[[ GIVEN INFORMATION open ]]
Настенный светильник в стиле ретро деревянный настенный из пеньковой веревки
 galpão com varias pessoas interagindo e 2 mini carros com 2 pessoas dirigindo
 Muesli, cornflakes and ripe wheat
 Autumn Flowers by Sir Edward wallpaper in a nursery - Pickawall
[[ GIVEN INFORMATION closed ]]
■ **TASK TO CARRY OUT**:
Return the full listing, word for word.

■ **ANSWER TO THE PROBLEM**:
Настенный светильник в стиле ретро деревянный настенный из пеньковой веревки
 galpão com varias pessoas interagindo e 2 mini carros com 2 pessoas dirigindo
 Muesli, cornflakes and ripe wheat
 Autumn Flowers by Sir Edward wallpaper in a nursery - Pickawall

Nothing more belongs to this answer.